● **Task**: For this exercise, return all the data word for word, with images left out.

● **Short descriptive text snippets**:
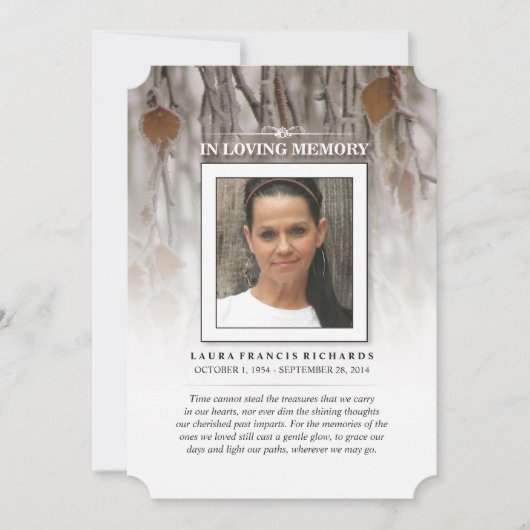 Winterbladeren - Memorial en misschien gedicht Dan Kaart (Voorkant)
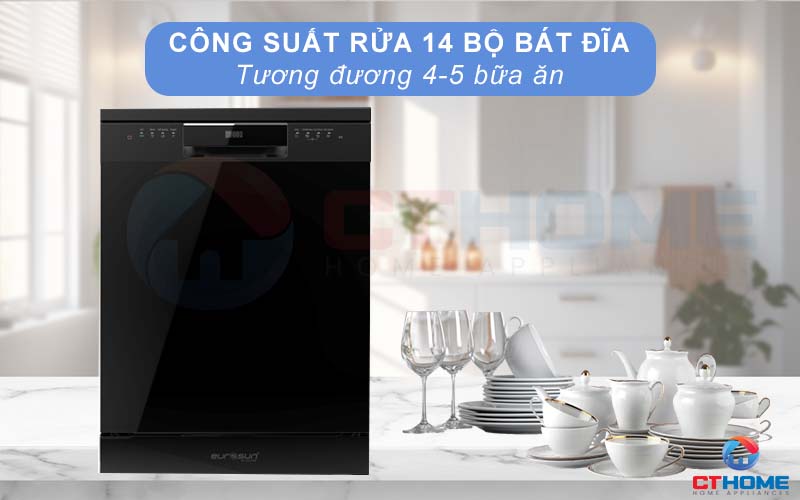 MÁY RỬA BÁT ĐỘC LẬP EUROSUN SMS78EU12EB SERIE 7 14 BỘ 2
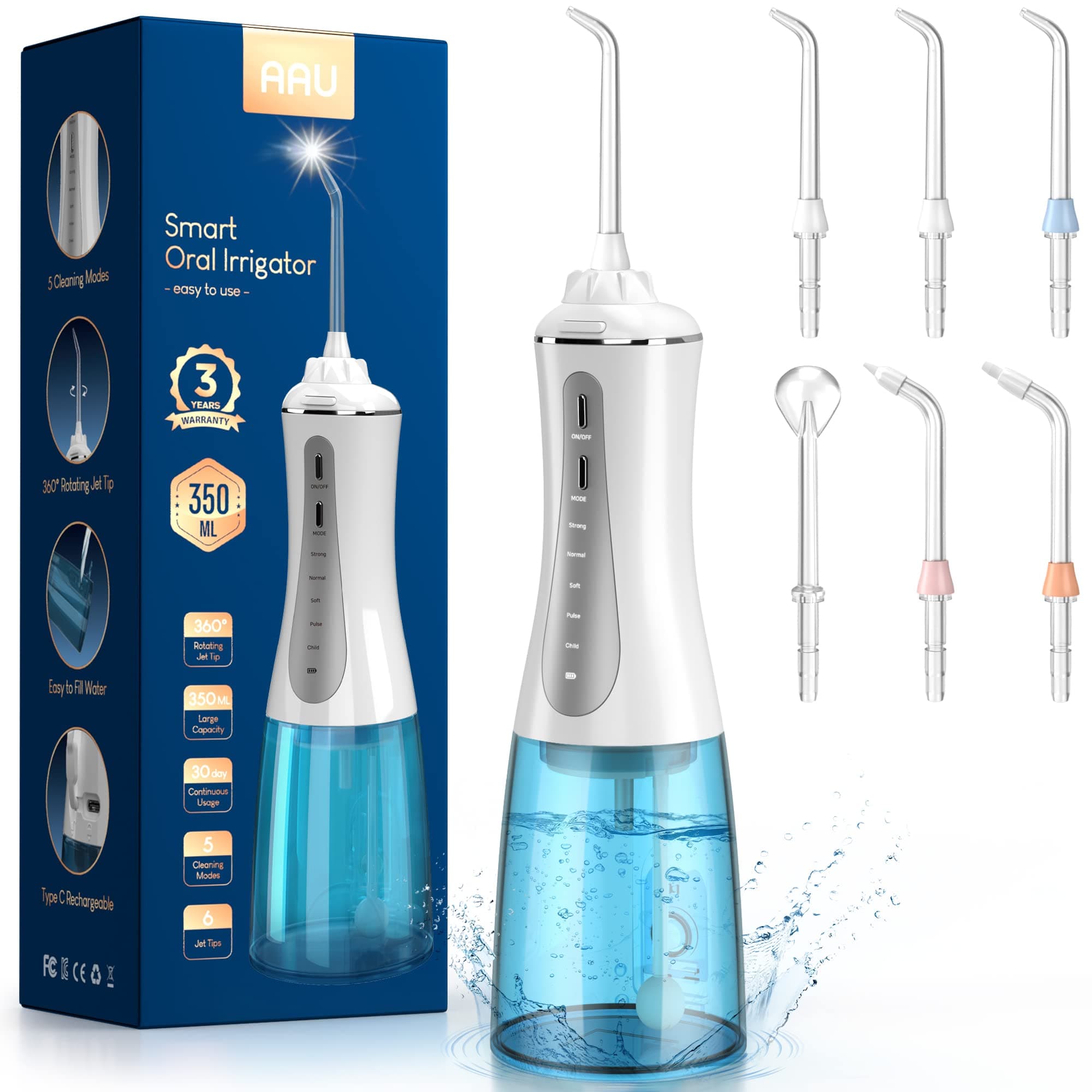 Cordless Water Dental Flosser for Teeth - Portable and Rechargeable Oral Irrigator with 350ML Tank 5 Modes 6 Replaceable Tips- IPX7 Waterproof Powerful Water Dental Picks for Travel Home Use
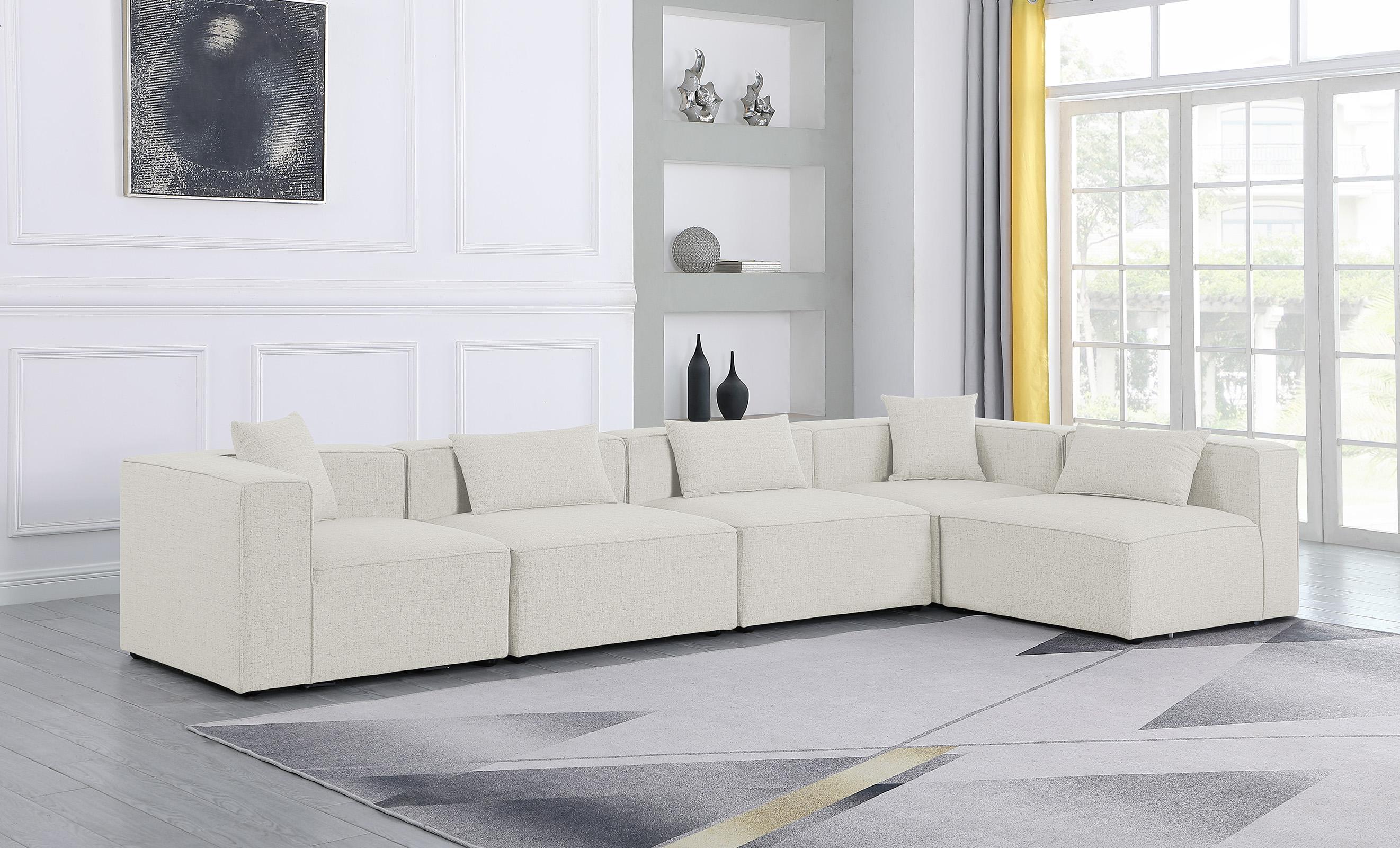 

        
Meridian Furniture CUBE 630Cream-Sec5D Modular Sectional Sofa Cream Linen 094308267036
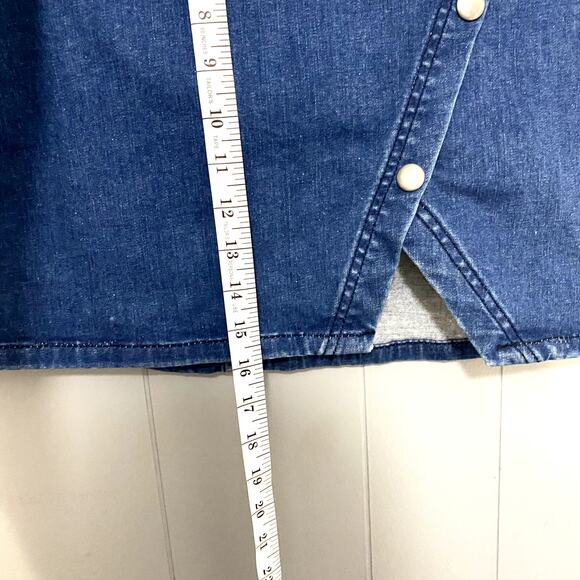 Free People Blue Indigo Button-front Asymmetrical Notched Denim Mini Skirt 4 - Picture 4 of 9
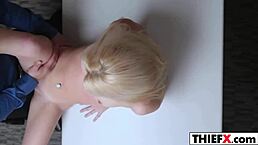 blonde teen shoplifter feels lp officer's monster cock punishment.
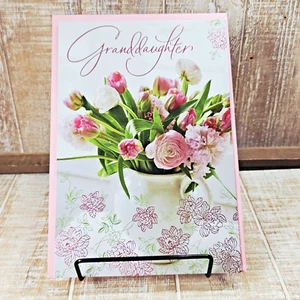 Hallmark Ostern Grußkarte für Enkelin rosa Blumen grün Frühling - Bild 1 von 8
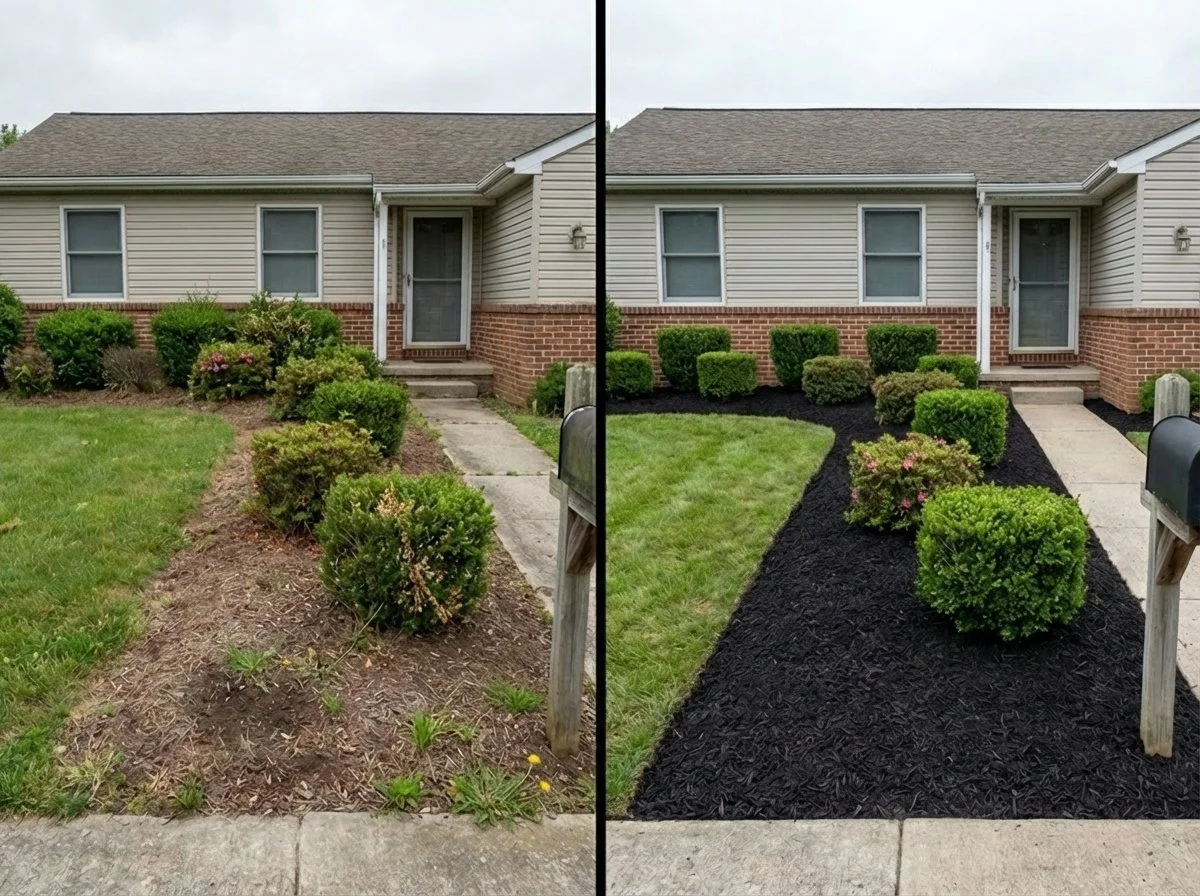 A before and after transformation of a garden bed featuring crisp hand-turned edging and fresh dark brown mulch in a Bucks County residential yard.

● **Answer to this task**:
 Winterbladeren - Memorial en misschien gedicht Dan Kaart (Voorkant)
 MÁY RỬA BÁT ĐỘC LẬP EUROSUN SMS78EU12EB SERIE 7 14 BỘ 2
 Cordless Water Dental Flosser for Teeth - Portable and Rechargeable Oral Irrigator with 350ML Tank 5 Modes 6 Replaceable Tips- IPX7 Waterproof Powerful Water Dental Picks for Travel Home Use

        
Meridian Furniture CUBE 630Cream-Sec5D Modular Sectional Sofa Cream Linen 094308267036
 Free People Blue Indigo Button-front Asymmetrical Notched Denim Mini Skirt 4 - Picture 4 of 9
 blonde teen shoplifter feels lp officer's monster cock punishment.
 Hallmark Ostern Grußkarte für Enkelin rosa Blumen grün Frühling - Bild 1 von 8
 A before and after transformation of a garden bed featuring crisp hand-turned edging and fresh dark brown mulch in a Bucks County residential yard.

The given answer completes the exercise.